_Collected data entries:_

■ ■ ■ ■ ■ ■ ■

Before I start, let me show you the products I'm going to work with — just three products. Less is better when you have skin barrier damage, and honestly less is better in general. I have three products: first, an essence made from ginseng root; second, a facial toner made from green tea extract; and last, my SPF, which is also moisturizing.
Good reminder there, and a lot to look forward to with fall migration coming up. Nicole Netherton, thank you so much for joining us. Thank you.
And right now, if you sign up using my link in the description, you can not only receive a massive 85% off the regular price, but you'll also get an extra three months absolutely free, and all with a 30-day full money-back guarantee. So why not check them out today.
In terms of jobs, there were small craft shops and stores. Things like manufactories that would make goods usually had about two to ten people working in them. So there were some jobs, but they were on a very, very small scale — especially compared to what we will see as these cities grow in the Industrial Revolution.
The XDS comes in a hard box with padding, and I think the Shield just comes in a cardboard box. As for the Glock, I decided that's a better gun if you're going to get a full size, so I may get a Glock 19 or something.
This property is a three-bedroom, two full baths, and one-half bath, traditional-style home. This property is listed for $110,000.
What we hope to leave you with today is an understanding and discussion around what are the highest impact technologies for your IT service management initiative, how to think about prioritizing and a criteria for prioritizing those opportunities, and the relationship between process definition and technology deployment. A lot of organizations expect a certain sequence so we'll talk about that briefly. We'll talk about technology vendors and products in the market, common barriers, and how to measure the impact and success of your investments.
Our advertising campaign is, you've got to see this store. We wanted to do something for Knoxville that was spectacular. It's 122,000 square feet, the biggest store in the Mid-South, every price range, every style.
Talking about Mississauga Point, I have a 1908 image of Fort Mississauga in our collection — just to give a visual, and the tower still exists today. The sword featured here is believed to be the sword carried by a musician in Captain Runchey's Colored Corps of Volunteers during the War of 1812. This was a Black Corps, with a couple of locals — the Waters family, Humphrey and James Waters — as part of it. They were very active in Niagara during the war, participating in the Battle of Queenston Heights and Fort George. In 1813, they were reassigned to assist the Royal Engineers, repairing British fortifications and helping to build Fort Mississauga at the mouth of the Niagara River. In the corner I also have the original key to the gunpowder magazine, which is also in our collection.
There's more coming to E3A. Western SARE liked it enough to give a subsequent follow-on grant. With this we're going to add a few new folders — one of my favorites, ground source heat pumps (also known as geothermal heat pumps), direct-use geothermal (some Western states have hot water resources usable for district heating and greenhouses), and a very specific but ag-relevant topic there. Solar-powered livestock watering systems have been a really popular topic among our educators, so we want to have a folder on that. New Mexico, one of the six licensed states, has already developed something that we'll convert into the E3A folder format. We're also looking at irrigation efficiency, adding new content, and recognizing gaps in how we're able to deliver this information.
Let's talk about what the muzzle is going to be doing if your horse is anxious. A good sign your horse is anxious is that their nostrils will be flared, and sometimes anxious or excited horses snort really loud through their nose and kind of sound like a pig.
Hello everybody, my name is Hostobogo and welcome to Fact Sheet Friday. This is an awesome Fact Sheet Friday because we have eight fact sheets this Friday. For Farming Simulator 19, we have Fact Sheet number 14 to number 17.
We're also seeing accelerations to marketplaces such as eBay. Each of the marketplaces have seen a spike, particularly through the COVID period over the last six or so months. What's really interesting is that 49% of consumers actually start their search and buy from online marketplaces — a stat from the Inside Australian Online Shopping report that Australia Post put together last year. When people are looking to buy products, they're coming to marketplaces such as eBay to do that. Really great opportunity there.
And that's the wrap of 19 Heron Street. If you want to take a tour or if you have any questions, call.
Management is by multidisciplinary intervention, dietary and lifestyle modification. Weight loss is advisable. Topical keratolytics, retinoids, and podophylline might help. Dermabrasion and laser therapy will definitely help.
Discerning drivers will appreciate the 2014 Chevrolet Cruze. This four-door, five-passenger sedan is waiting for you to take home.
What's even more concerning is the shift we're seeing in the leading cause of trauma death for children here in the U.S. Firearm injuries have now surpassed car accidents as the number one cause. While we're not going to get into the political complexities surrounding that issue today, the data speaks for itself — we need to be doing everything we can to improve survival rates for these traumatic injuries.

■ ■ ■ ■ ■ ■ ■

_The problem:_
Show the lines of the records that include the string "these".

_Answer:_
In terms of jobs, there were small craft shops and stores. Things like manufactories that would make goods usually had about two to ten people working in them. So there were some jobs, but they were on a very, very small scale — especially compared to what we will see as these cities grow in the Industrial Revolution.
What's even more concerning is the shift we're seeing in the leading cause of trauma death for children here in the U.S. Firearm injuries have now surpassed car accidents as the number one cause. While we're not going to get into the political complexities surrounding that issue today, the data speaks for itself — we need to be doing everything we can to improve survival rates for these traumatic injuries.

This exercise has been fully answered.